Take the following for example:
> Oh shit, I need to change the message on my last commit!
> git commit --amend
It's important to realize here that if you are simply trying to edit the last commit message, you *should not* have anything in your index (that is, staged). Otherwise those changes will be recorded in the amended commit! What Git does is essentially move all the changes recorded in the commit you are amending _into_ the index, and then run `git commit -m <amended-message>` ... so if you have files in there, those will get mixed up with the ones in the commit.
Here's another one:
> Oh shit, I accidentally committed to the wrong branch!
> A lot of people have suggested using `cherry-pick` for this situation too, so take your pick on whatever one makes the most sense to you!
Umm ... No! The solution proposed (with `git reset --soft`) and a cherry-pick are NOT the same! Not even close! You will produce two completely different histories.
This final one, given when this page was written, _may be_ understandably incorrect
My book, Head First Git, was published by O'Reilly this January. I posted a submission here on HN about it https://news.ycombinator.com/item?id=30072348 so if you want any details feel free to peruse that.
It always amuses me that when Linus presents git to “the Google audience” they objected to the complexity, those people are in fact elite, but measured against what? The TailScale people?
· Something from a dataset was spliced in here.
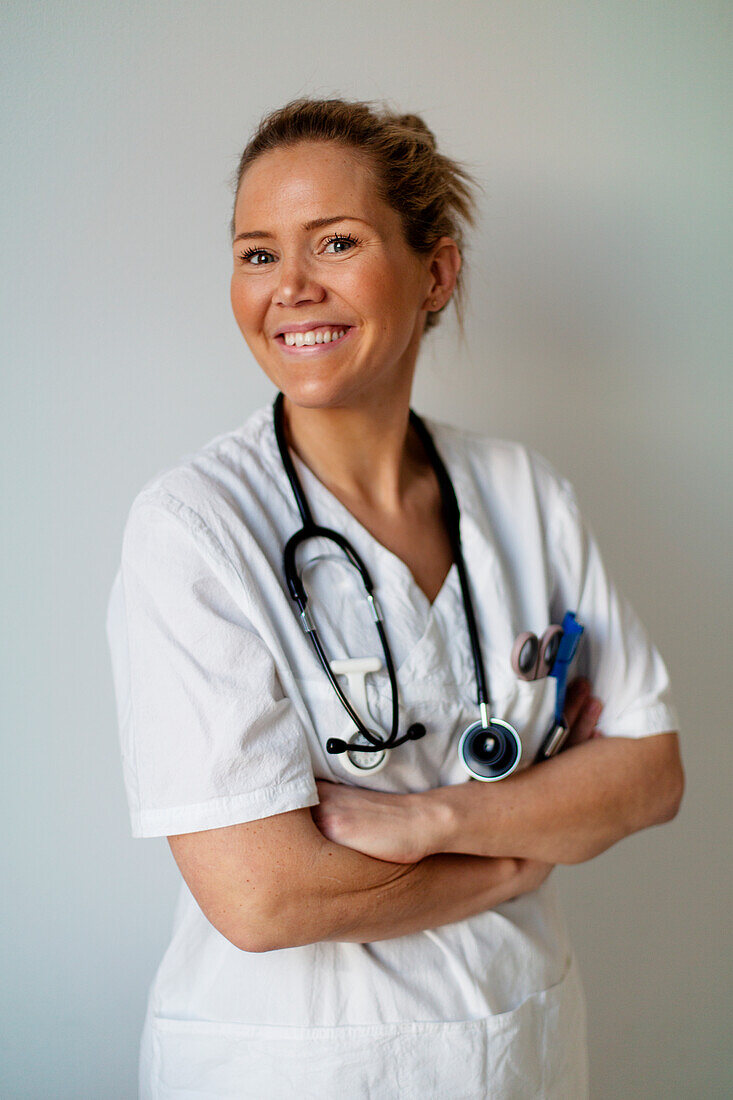 Female doctor looking at camera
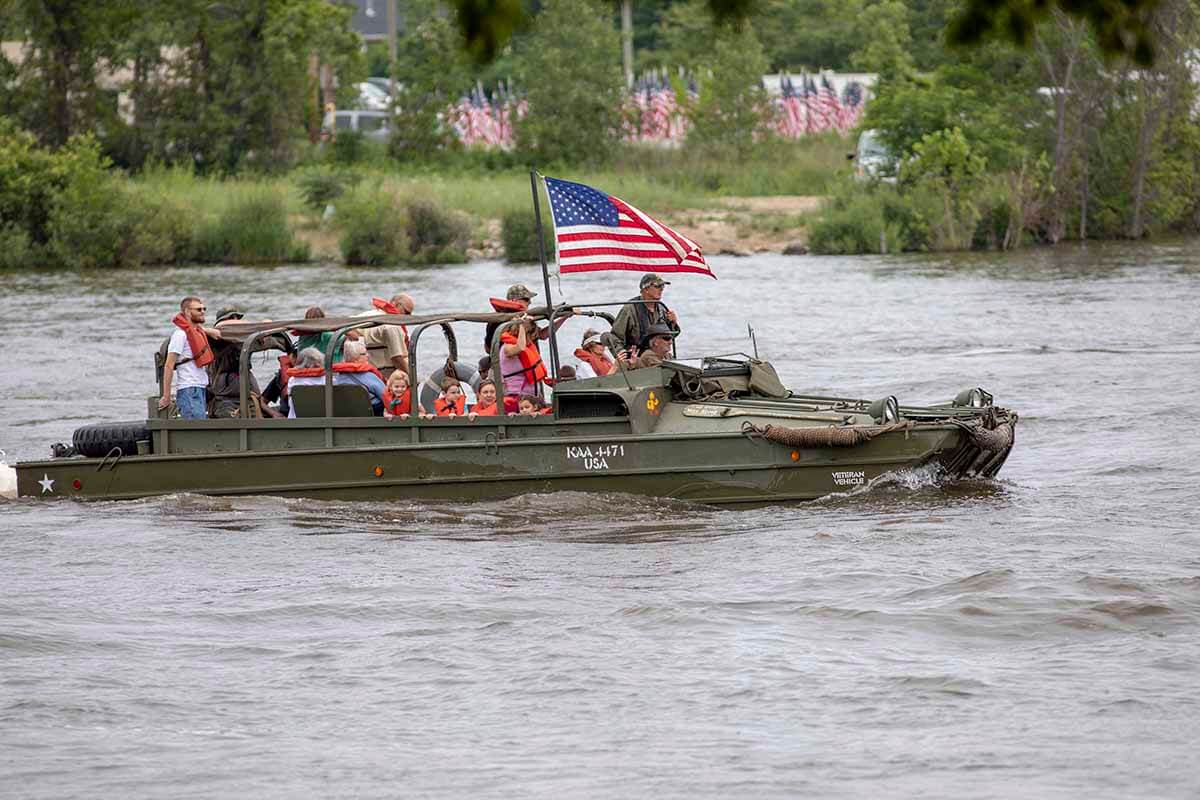 Veterans on a military boat parading on the st. joseph river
The TS people are ex-Google in some places and early-Nix in others, either way no one to fuck with.
I’m frustrated if I take a day to work out some something that Jeff Dean mentioned to, uh, a friend, and it took me a day to work it out.
@bradfitz works on TailScale, there’s also a reason he’s a chapter in a book. @jwz is better, by so little you’d never notice, so his chapter is cooler.
It’s admittedly a snippy, snarky, kind of cryptic comment and I probably deserve more downvotes than I got on it.
In a more measured tone: there is, in my opinion, a kind of creeping anti-intellectualism that’s been slowly-but-surely gaining ground on HN for the last 5-ish years.
We used to just really openly admire and respect iconic pros in this business, we used to openly acknowledge that some of the software work we talk about is pretty friggin elite and few of any of us will ever even work on some of it.
Whether it’s Linus or the TailScale pros or John Blow, I’ve seen people get gang-tackled by the “no one ever uses this LeetCode stuff in a real job” crowd repeatedly in the last week.
Knowing how to use “git reflog” to do surgery on a fucked-up repo isn’t necessary every day, but when you need it, you need it bad, and there’s nothing outdated about how knowing how the damned tools work.